In a fit of New Year zeal, we started (note that I said ‘started’) a bit of a clear-up of what for want of a better word you might call ‘stuff’. Out of this stuff emerged some old family photographs, reminding me that I should organise them a bit better and finally get around to finding out more about the people featured in them, adding to sometimes unreliable family tales. Those with subscriptions to Ancestry or other genealogical databases will know immediately what’s coming: I was soon addicted.
What might this sorry story have to do with horticulture? Bear with me, please.
Amongst the stuff were box-loads of index cards recording research material that we had produced literally decades ago in pre-Google times. The purpose of the research was to compile a database of British and Irish Journalists – at least that task was accomplished and published!- and my Ancestry addiction offered the chance to do a bit of editing.
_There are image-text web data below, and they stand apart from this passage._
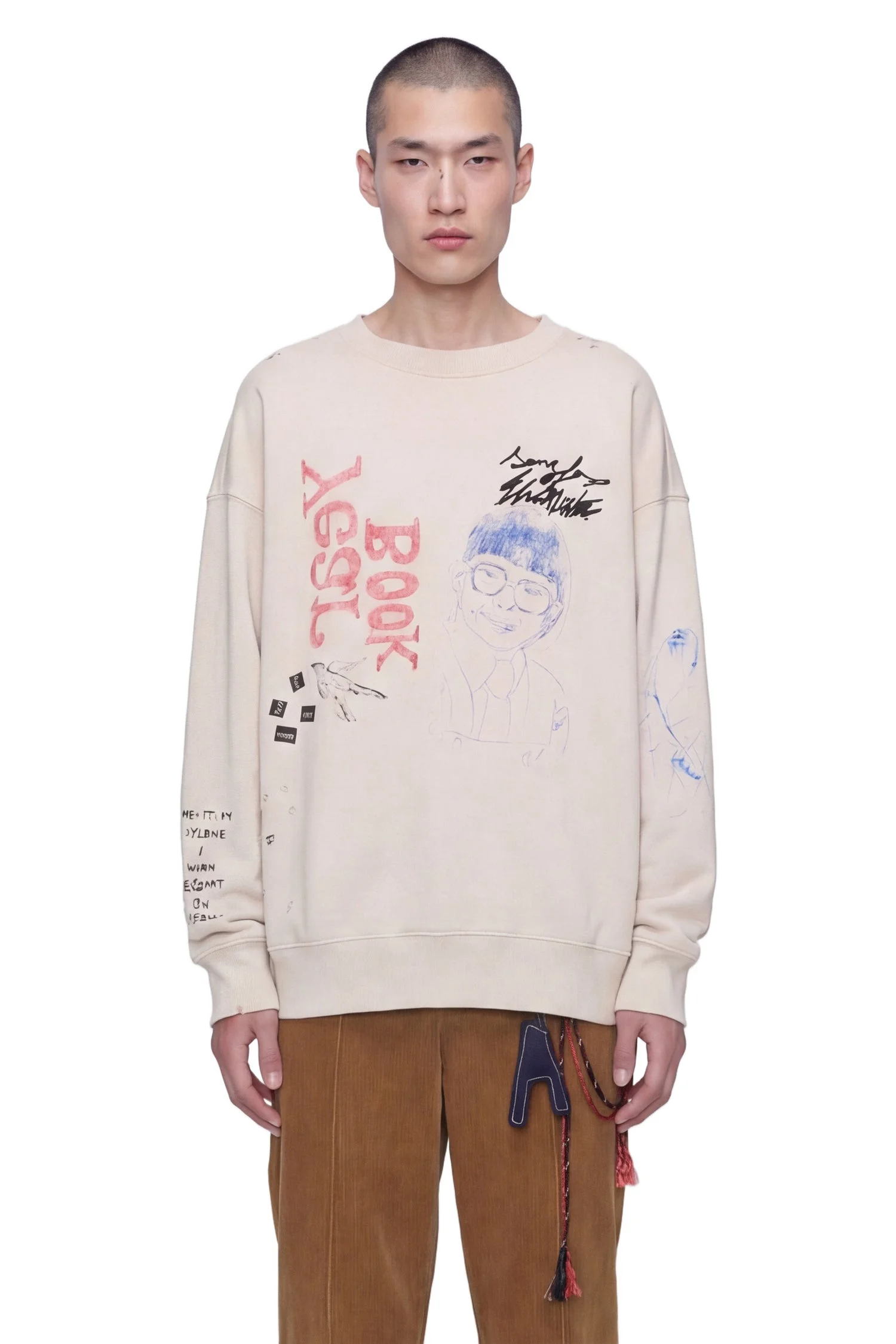 ''school Portrait'' Relaxed Pullover - 1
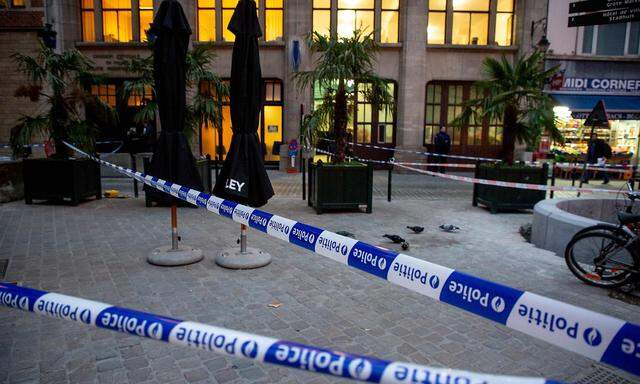 Der Tatort am Kohlenmarkt im Zentrum von Brüssel.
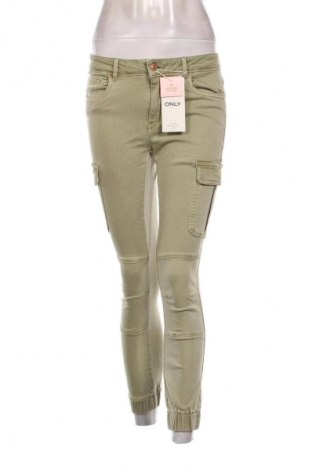 Pantaloni de femei ONLY, Mărime S, Culoare Verde, Preț 196,99 Lei
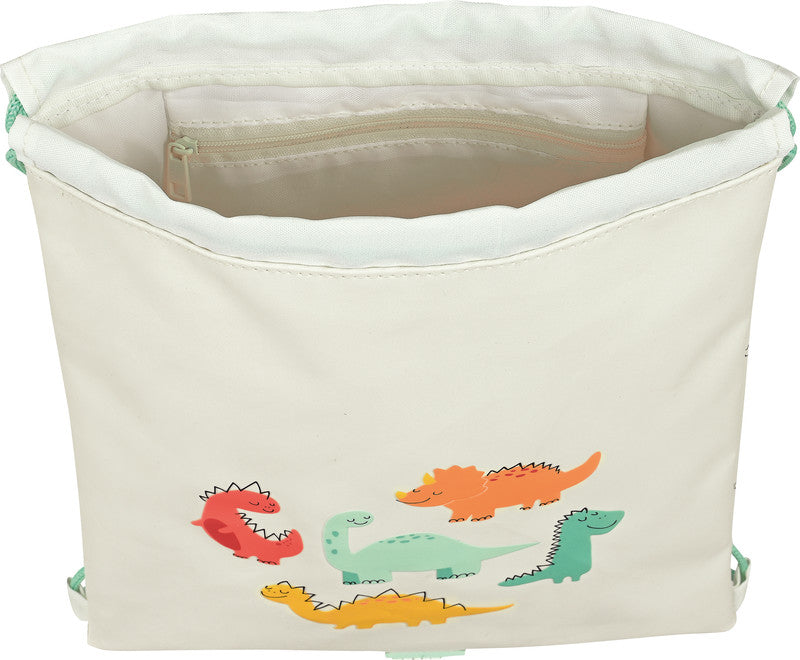Safta Junior Sportbeutel – 3 l, Dino-Motiv, wasserabweisend, 26 × 34 cm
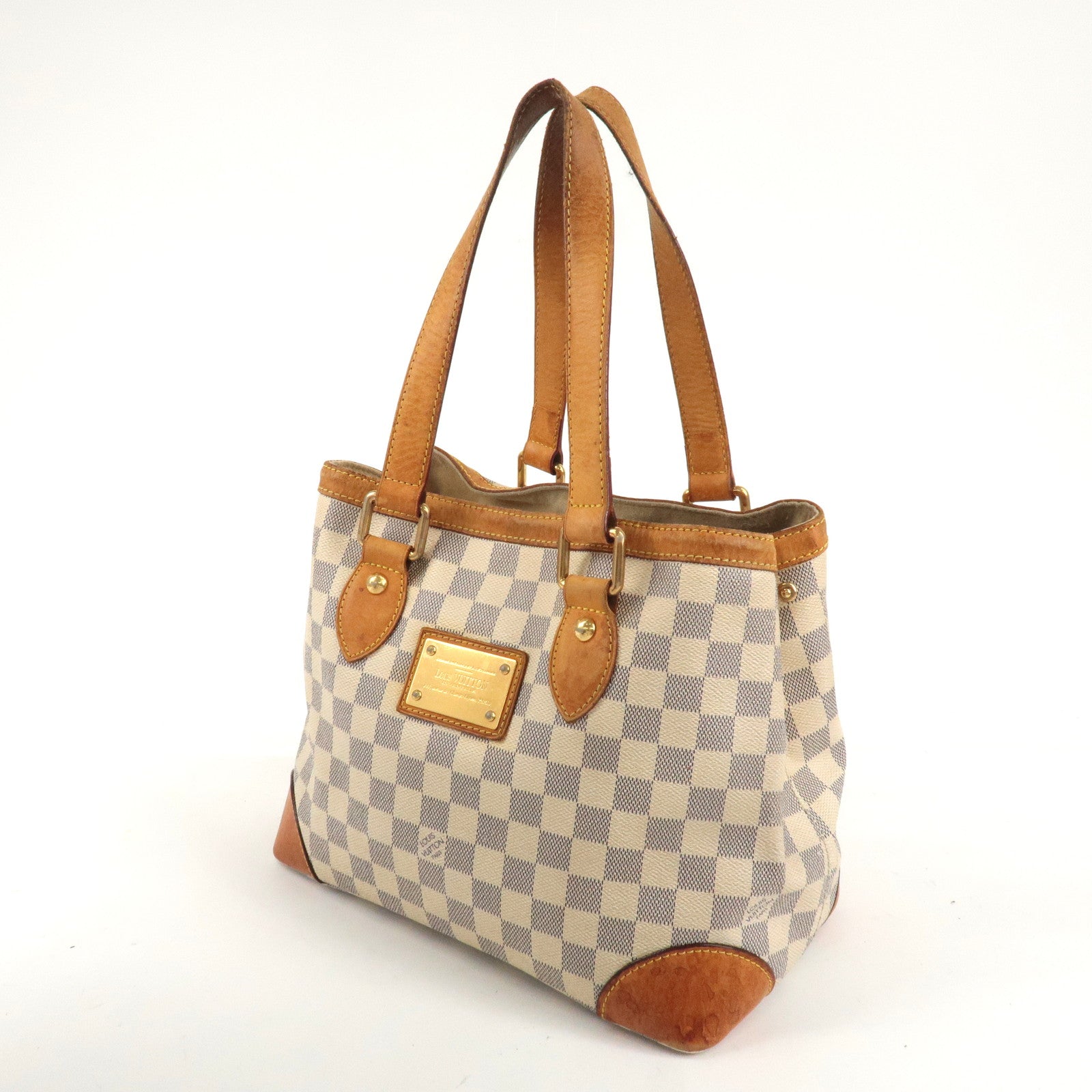 Louis Vuitton Damier Azur Hampstead PM Hand Bag N51207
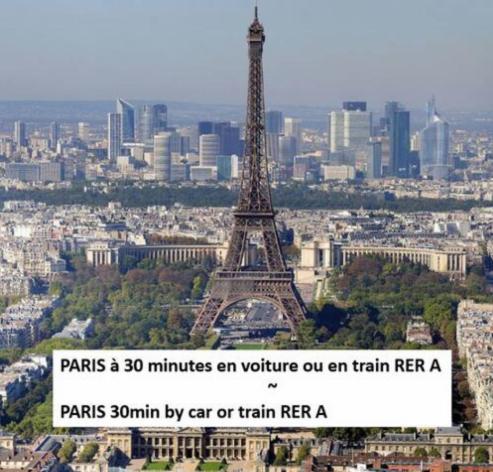 Appartement A 5 Min De Disney Proche Paris Шантлу-ан-Брі Екстер'єр фото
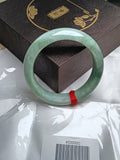 Apple Green Burmese JGIA Certified Jadeite Bangle (Size:56 - 57mm) D024 - Jadeite Ding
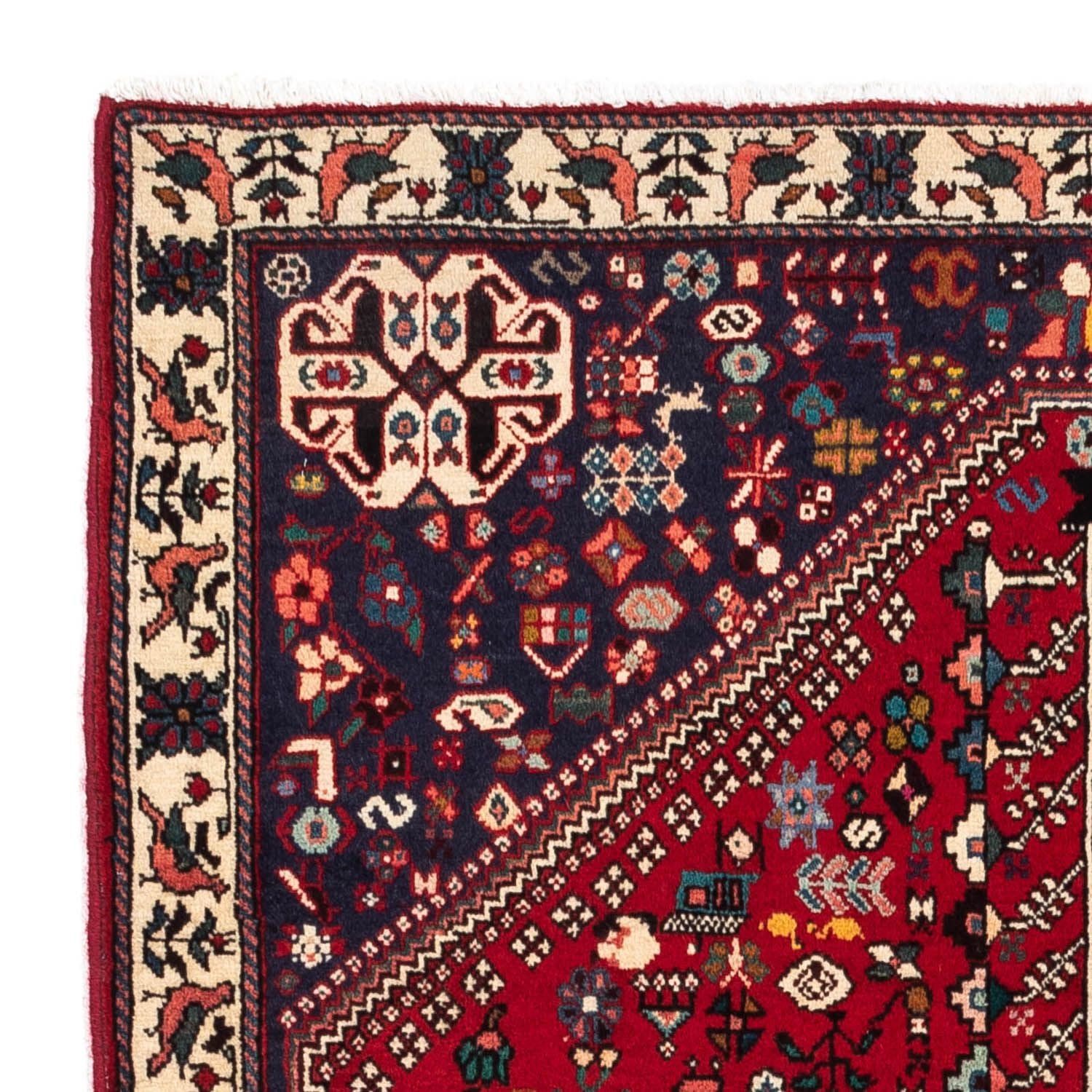 Perserteppich - Nomadic 154 x 107 cm - dunkelrot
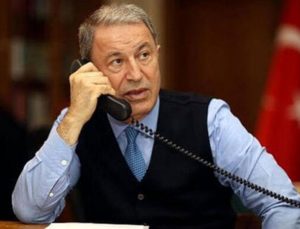 Bakan Akar, Yunanistan Savunma Bakanı ile telefonda görüştü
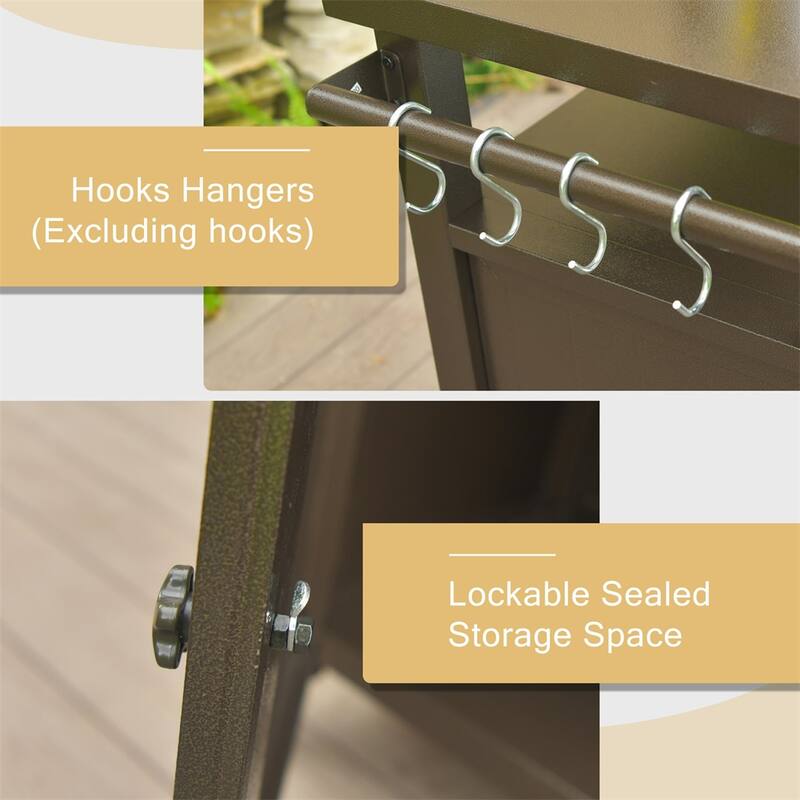 Aluminum Outdoor Storage Cabinet with Universal Wheels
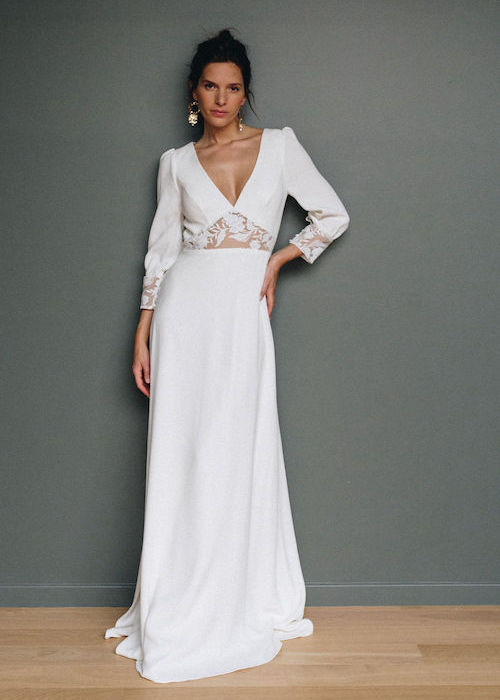 robe de mariée hiver 2024
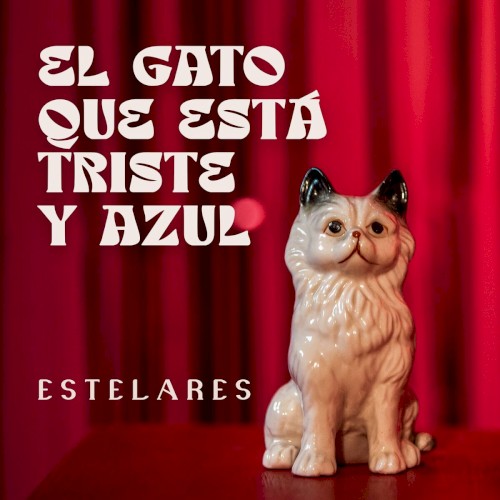 El gato que está triste y azul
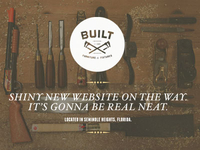 Built Splash Page
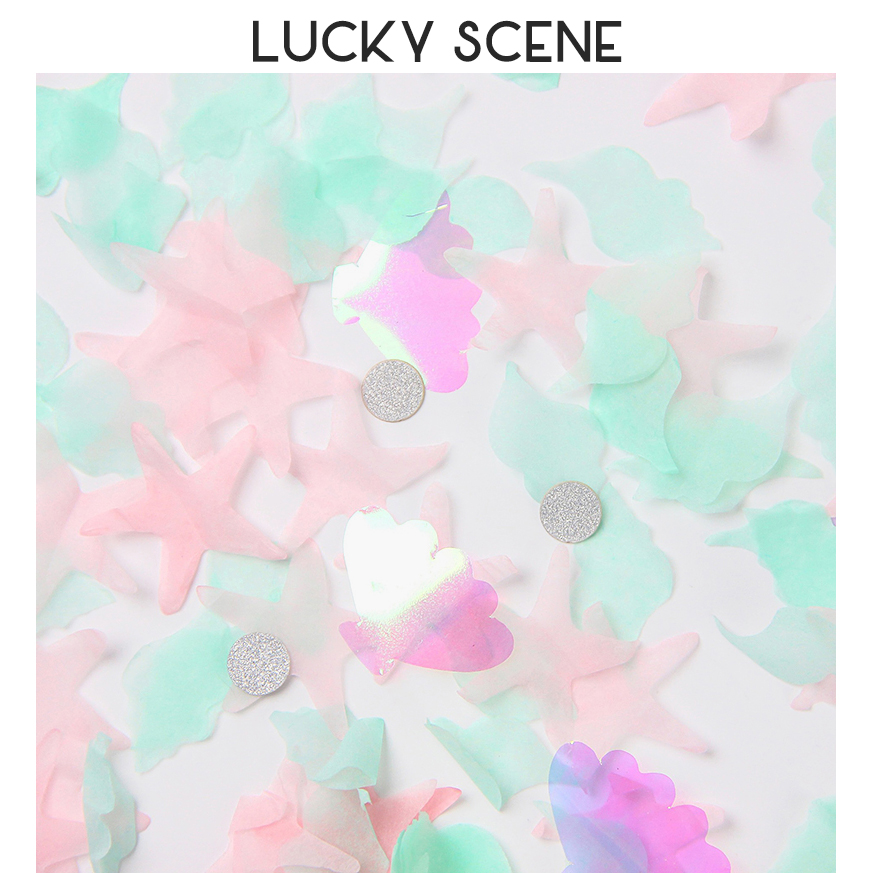 Mermaid Spaceship Paper Confet - Confetti Cannon Tube ulasan dan harga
Here we reach the point of this post. Among the information gleaned from the records of the Society of Women Journalists at the British Library and other sources was a biographical sketch of Helen Colt, a fellow of the RHS. In the 1911 census Helen Ann Mary Colt, of 4 Priory Court Mansions, Mazenod Avenue, West Hampstead, gave her occupation as ‘jobbing gardener’. Indeed the project had already noted one of her appearances in print on the subject:
Woman’s Platform, interviewed on jobbing gardening as a career for women, March 1912.
A photograph of Helen Colt appeared in the Daily Mirror on 16 March 1915 accompanying an article in which she demonstrated the use of a rake and a spade and in the same month The Globe reminded readers that she gave lectures to teachers on school gardening every Saturday at the Royal Botanic Gardens, Regent’s Park. But Helen Colt wasn’t active only in this country during the war. In August 1917 she was one of a party of professional women gardeners organised under the Women’s Auxiliary Army Corps to advise on the tending of British war graves in France. Furthermore:
In 1920 she established [an] organisation with the object of restoring and provisioning the small gardens attached to local schools in the areas of France that had been devastated by war. This involved the encouragement of English schoolchildren to help by contributing seeds and plants to the project. By mid-1923 she reported that 250 gardens attached to elementary schools in France had been restored and provisioned through the action of the organisation. [Notes taken from https://scoop-database.com/%5D
The coincidences of the title of this post relate only partly to the recovery of these index cards and my family tree obsession. In November 2021 – just two months ago – Maria Precedo, a volunteer with the London Gardens Trust, submitted a blog post about Helen Colt to the LGT site. * I found this via a Google search for Helen Colt after we unearthed our ‘stuff’ and I assume that the research is part of the Gardens Trust’s current interest in forgotten women gardeners. **
Exactly 140 years after her birth, Helen Colt seems to be having a moment.